------ DATASET RECORDS

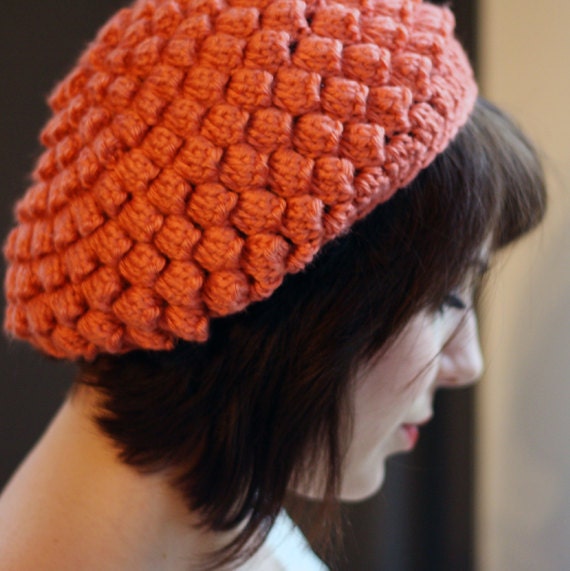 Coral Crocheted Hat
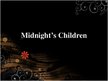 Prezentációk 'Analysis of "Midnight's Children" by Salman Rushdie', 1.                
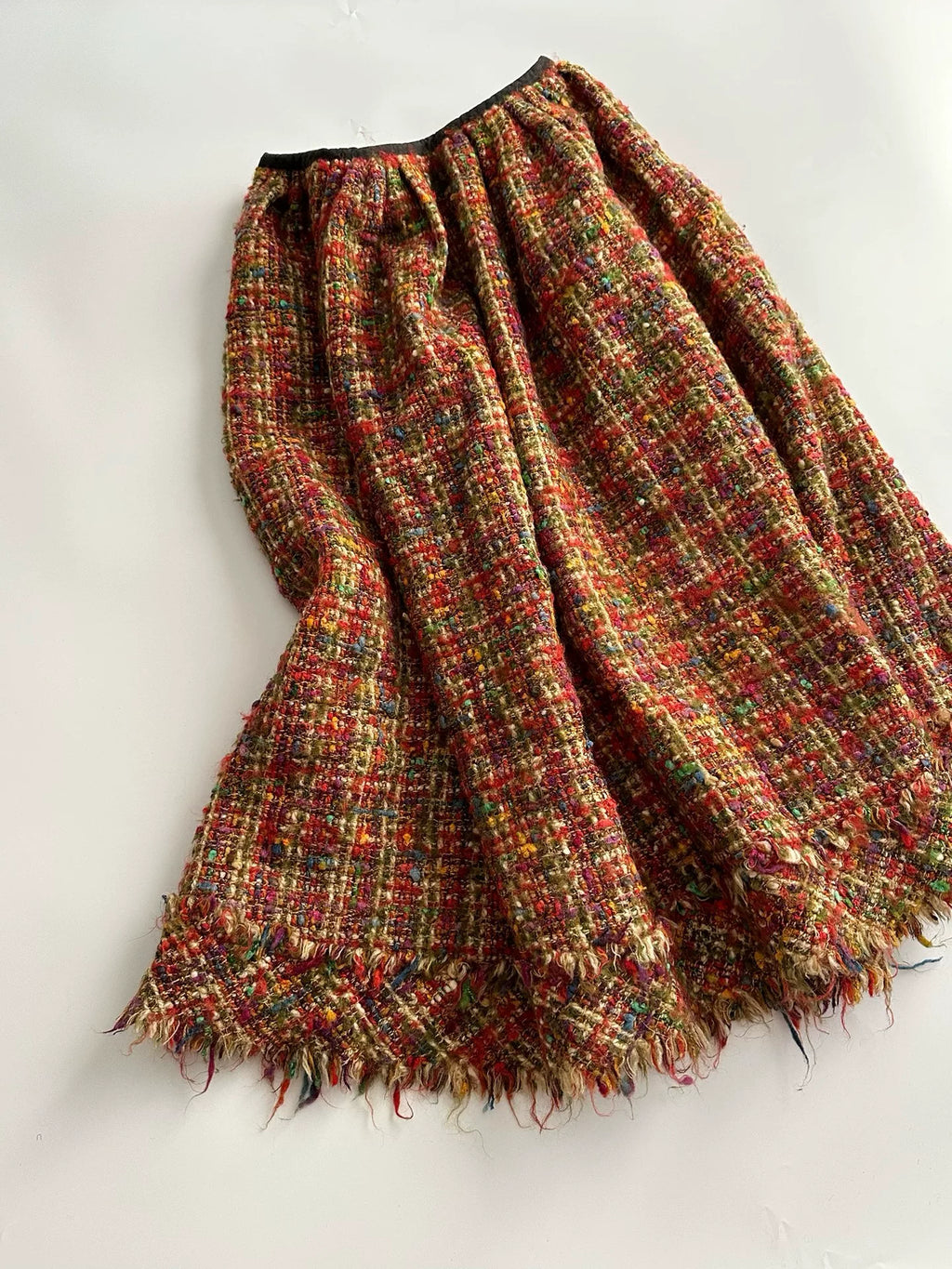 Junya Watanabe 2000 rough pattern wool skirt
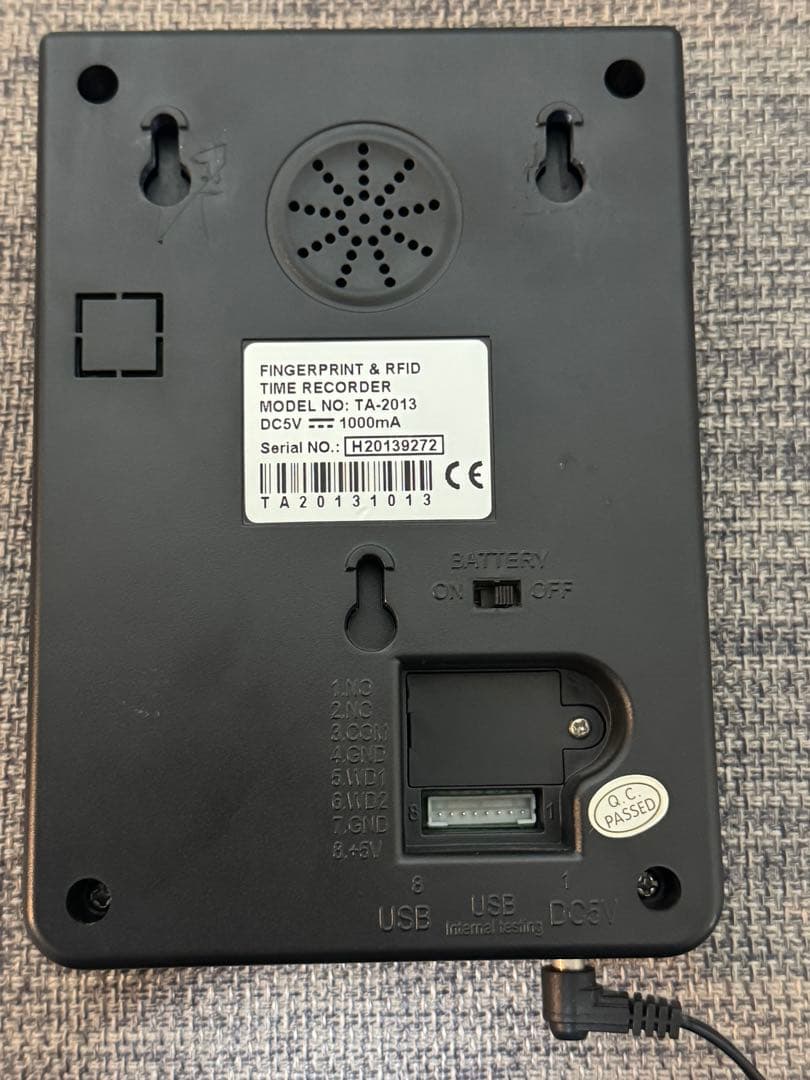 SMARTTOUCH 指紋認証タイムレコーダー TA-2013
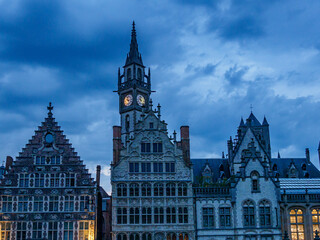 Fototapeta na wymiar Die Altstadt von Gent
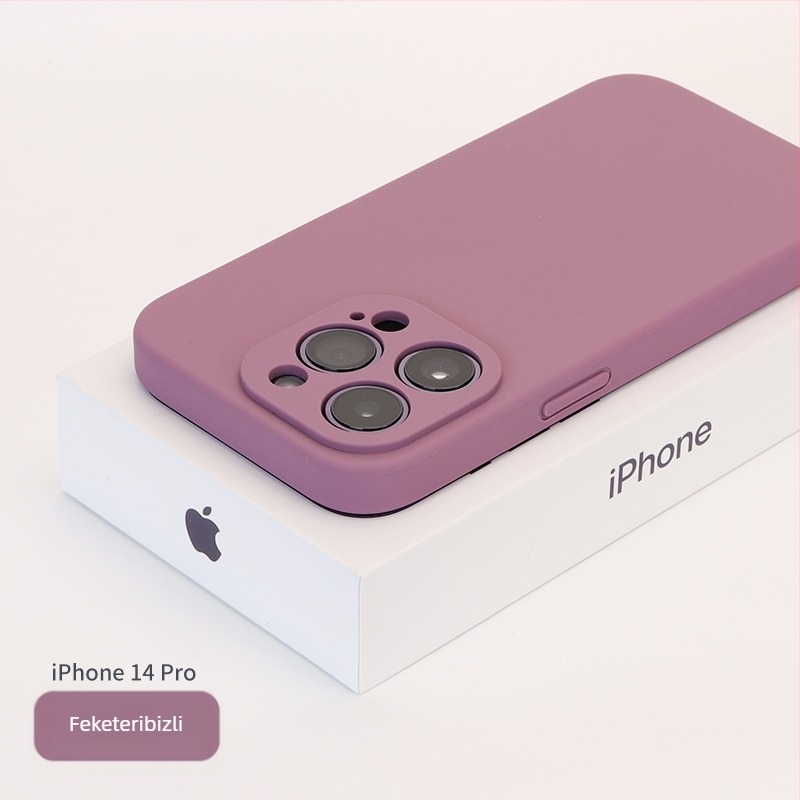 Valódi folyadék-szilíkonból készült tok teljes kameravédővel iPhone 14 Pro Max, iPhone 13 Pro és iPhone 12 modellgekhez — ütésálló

------------

# [EXERCISE OBJECTIVE]
Quote the records above exactly, leaving out any pictures.

# [SOLUTION TO THIS TASK]
 Coral Crocheted Hat
 Prezentációk 'Analysis of "Midnight's Children" by Salman Rushdie', 1.                
 Junya Watanabe 2000 rough pattern wool skirt
 SMARTTOUCH 指紋認証タイムレコーダー TA-2013
 Fototapeta na wymiar Die Altstadt von Gent
 Valódi folyadék-szilíkonból készült tok teljes kameravédővel iPhone 14 Pro Max, iPhone 13 Pro és iPhone 12 modellgekhez — ütésálló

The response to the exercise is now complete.